Input data Block Start

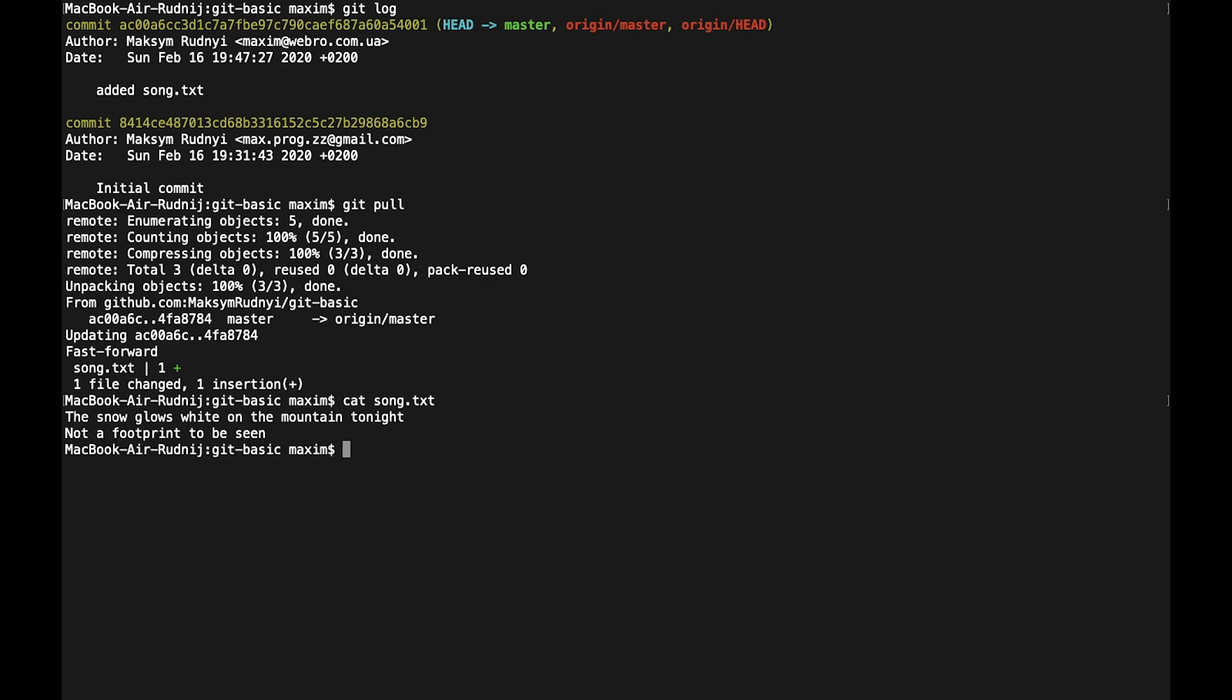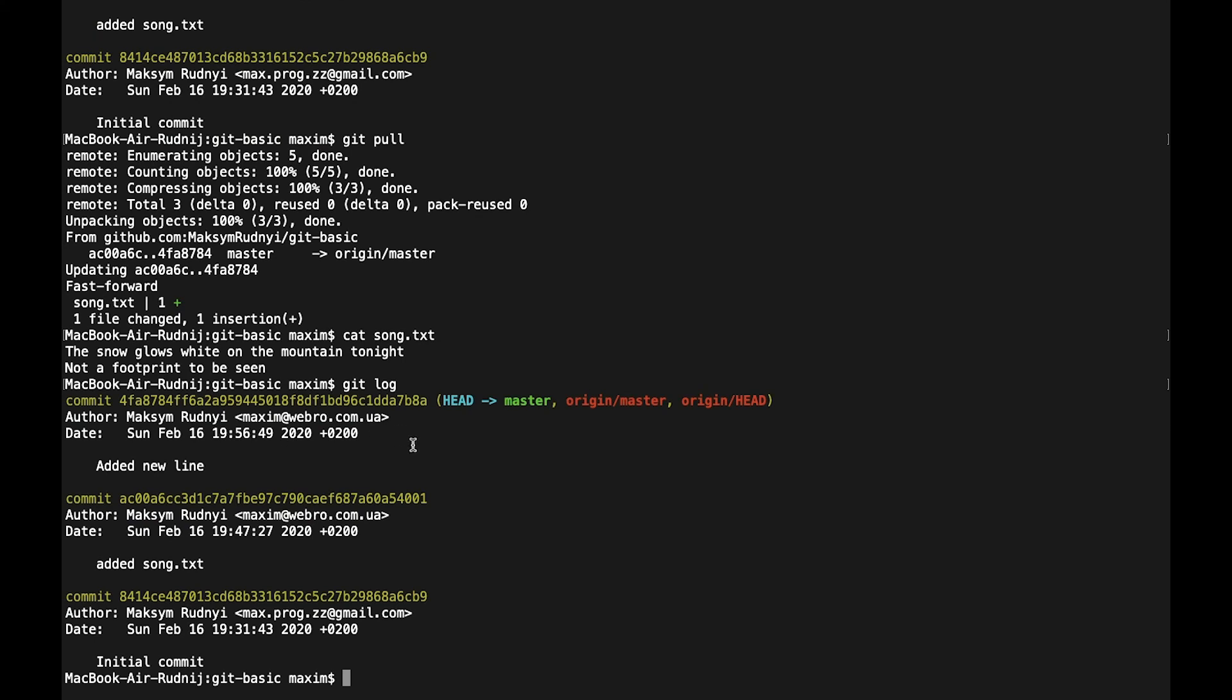And now we can see that we have one more line added to this file. And if we check git log, we see that we have this comment in this commit that added new line, and it was added by Maxim. So we have all synchronized files in our local repository.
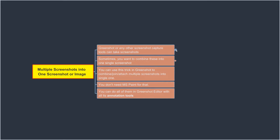Hello everyone, in this video we'll learn how you can combine multiple screenshots into one single screenshot or an image.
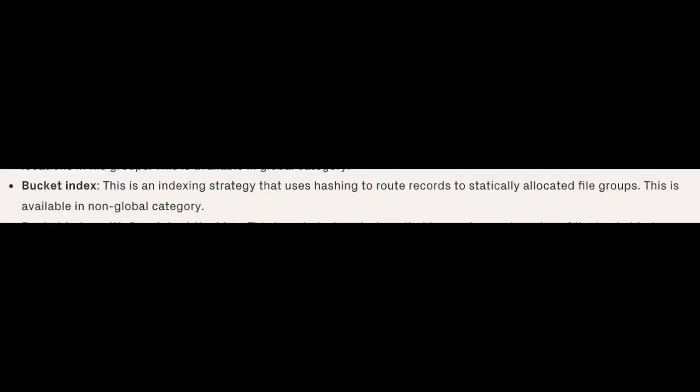Bucket Index is an indexing strategy that uses hashing to route the records to statically allocated file groups. This is available in the non-global category.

Input data Block End

#### [Try it]
Give back each line above verbatim, dropping every picture.

#### [Answer box]
And now we can see that we have one more line added to this file. And if we check git log, we see that we have this comment in this commit that added new line, and it was added by Maxim. So we have all synchronized files in our local repository.
Hello everyone, in this video we'll learn how you can combine multiple screenshots into one single screenshot or an image.
Bucket Index is an indexing strategy that uses hashing to route the records to statically allocated file groups. This is available in the non-global category.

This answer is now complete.